People with gum disease are 2 to 3 times more likely to have a heart attack and other serious cardiovascular diseases. Not everyone with gum disease has heart problems, and many people with heart disease have healthy gums.
Periodontal disease, the inflammation in the gums and bacteria, can cause narrowing of essential arteries, increasing heart disease risk. To date, there is no evidence that treating gum disease will prevent heart disease and its complications, but the link between the two conditions is compelling enough.
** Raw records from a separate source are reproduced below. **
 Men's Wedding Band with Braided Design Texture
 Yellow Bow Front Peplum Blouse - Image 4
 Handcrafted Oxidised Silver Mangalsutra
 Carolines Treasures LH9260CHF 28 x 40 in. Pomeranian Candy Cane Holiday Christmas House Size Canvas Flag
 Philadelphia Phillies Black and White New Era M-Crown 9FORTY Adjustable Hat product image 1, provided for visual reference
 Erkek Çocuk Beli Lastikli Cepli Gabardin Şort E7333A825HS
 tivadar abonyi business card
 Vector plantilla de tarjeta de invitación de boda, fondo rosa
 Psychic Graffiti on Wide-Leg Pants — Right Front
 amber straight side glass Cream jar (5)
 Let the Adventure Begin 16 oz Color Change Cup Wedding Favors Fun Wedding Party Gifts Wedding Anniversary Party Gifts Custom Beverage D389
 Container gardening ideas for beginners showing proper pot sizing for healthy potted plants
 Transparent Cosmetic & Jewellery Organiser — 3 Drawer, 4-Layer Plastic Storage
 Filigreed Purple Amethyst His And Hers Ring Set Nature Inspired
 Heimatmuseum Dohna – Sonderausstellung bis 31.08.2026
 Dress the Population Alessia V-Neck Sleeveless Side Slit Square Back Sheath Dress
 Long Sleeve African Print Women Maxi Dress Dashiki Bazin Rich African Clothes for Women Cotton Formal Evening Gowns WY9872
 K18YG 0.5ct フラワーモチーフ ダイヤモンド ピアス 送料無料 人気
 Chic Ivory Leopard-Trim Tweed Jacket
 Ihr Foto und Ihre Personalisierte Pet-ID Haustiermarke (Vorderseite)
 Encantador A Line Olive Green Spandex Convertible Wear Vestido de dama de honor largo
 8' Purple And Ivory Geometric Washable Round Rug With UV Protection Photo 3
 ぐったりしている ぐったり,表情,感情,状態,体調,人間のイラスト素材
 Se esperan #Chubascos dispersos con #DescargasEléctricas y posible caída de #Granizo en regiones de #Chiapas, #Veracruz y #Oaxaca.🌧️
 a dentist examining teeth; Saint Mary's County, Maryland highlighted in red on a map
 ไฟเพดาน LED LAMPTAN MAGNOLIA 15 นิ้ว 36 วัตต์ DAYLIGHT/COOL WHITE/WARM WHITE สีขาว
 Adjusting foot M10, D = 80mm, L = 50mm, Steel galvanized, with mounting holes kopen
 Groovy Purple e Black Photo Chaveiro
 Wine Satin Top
Practicing good oral hygiene such as brushing twice and flossing once a day can reverse an early stage of gum disease, known as gingivitis. Untreated gingivitis can lead to periodontal disease, causing receding gums and eventually make the tooth loosen and fall out.
The research abstracts given at the American Stroke Association’s International Stroke Conference prove that periodontal disease heightens the threat of strokes. This is a result of the hardening of the brain’s large arteries and severe asymptomatic artery blockages.
The research found that:
Research states that people with gum disease had a higher risk of stroke due to intracranial atherosclerosis than those without gum disease. The research concluded that gum disease treatment could reduce your risk of developing stroke by improving control over its risk factors such as diabetes, cholesterol, and high blood pressure.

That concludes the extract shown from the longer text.